[Extracted records]
------------------------------------------------------------------------
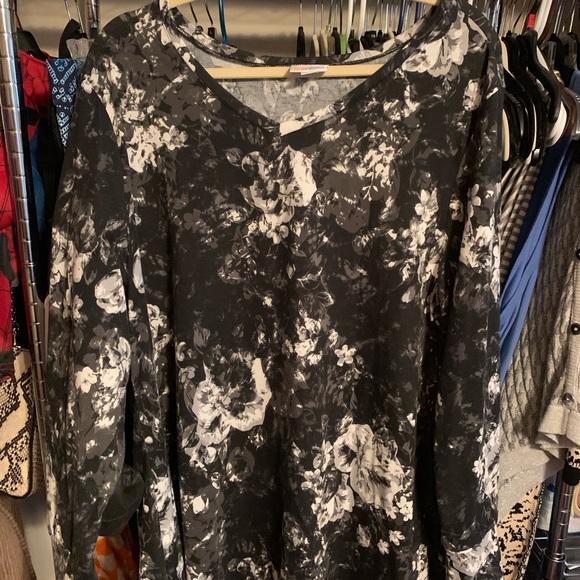 XL Blk floral L/S top LuLaRoe - Picture 2 of 3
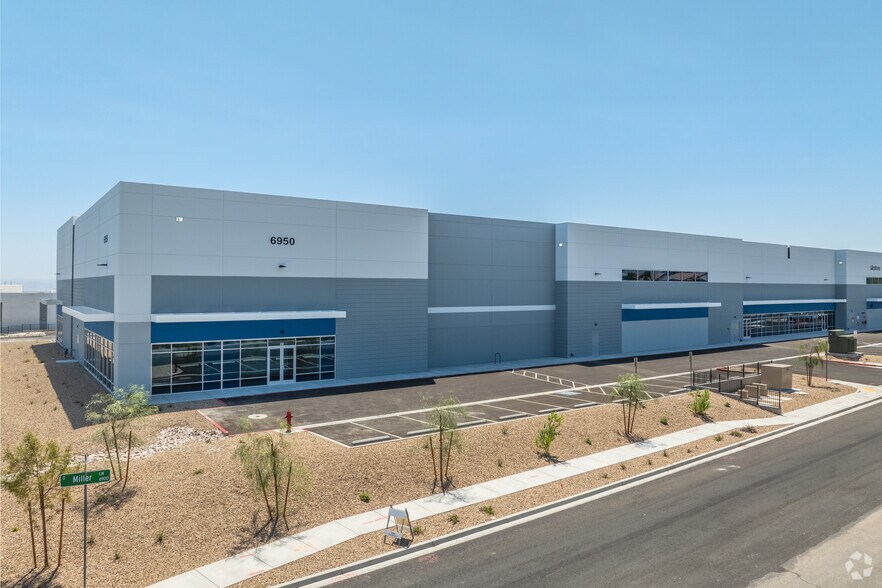 More Photos Of 6950 Miller Ln, Las Vegas Distribution For Sale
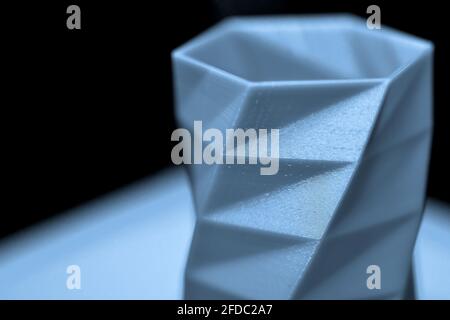 Das Objekt gedruckt 3D-Drucker auf einem blau und schwarz Hintergrund Stockfoto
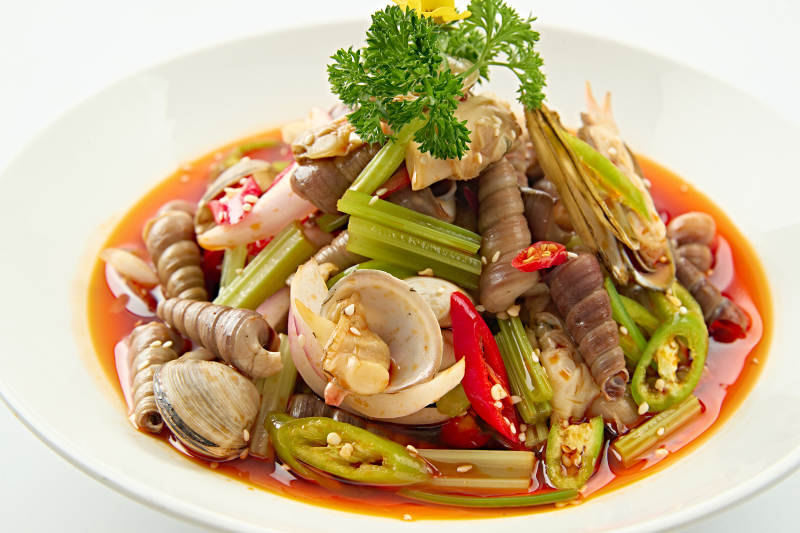 夏季大排档美食红油腌渍小海鲜图片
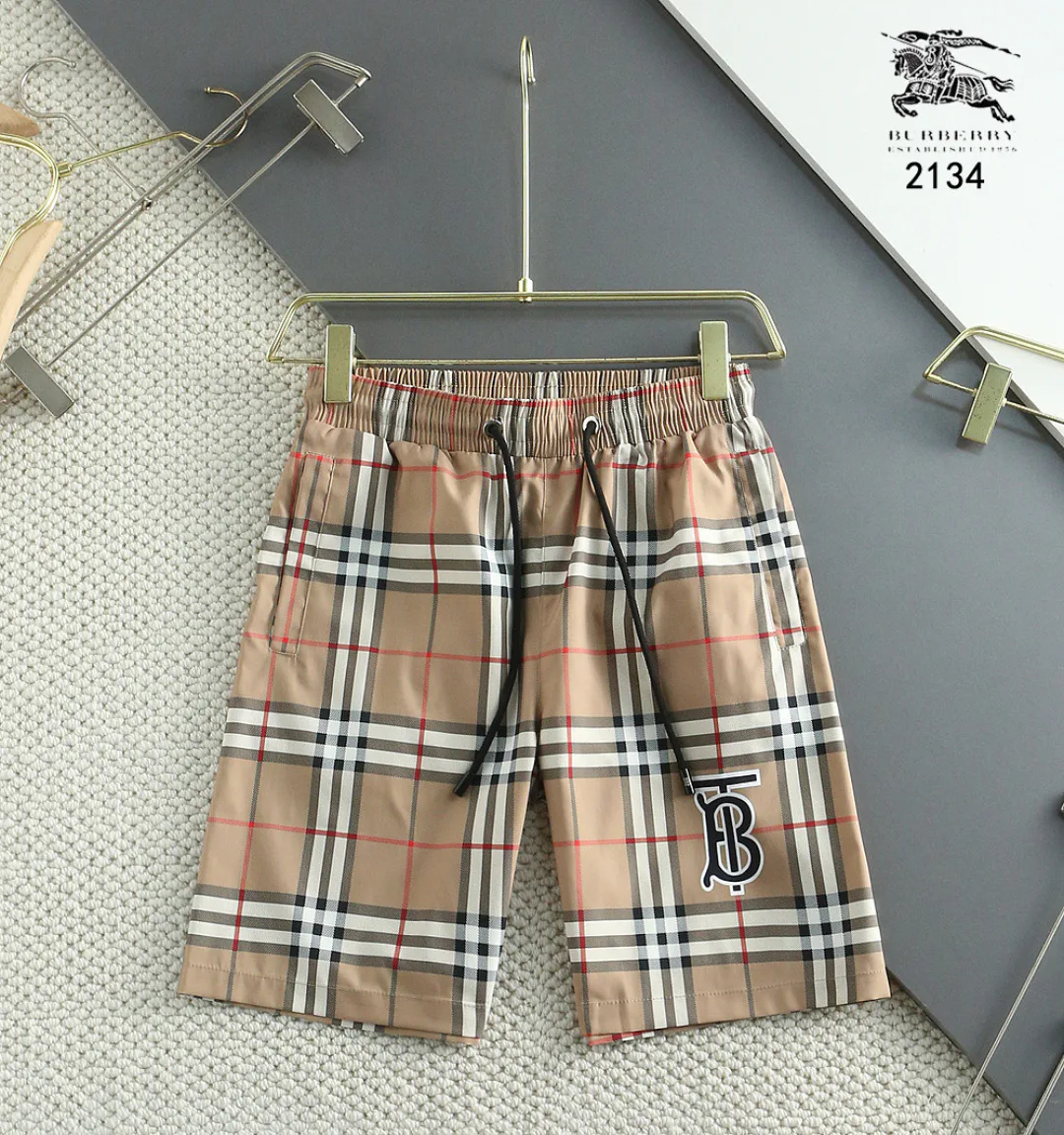 Men's Shorts BURBERRY 18000494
------------------------------------------------------------------------
■ **PROBLEM TO SOLVE**:
What is needed here is an exact copy of every record, with the pictures left out.

■ **REPLY**:
 XL Blk floral L/S top LuLaRoe - Picture 2 of 3
 More Photos Of 6950 Miller Ln, Las Vegas Distribution For Sale
 Das Objekt gedruckt 3D-Drucker auf einem blau und schwarz Hintergrund Stockfoto
 夏季大排档美食红油腌渍小海鲜图片
 Men's Shorts BURBERRY 18000494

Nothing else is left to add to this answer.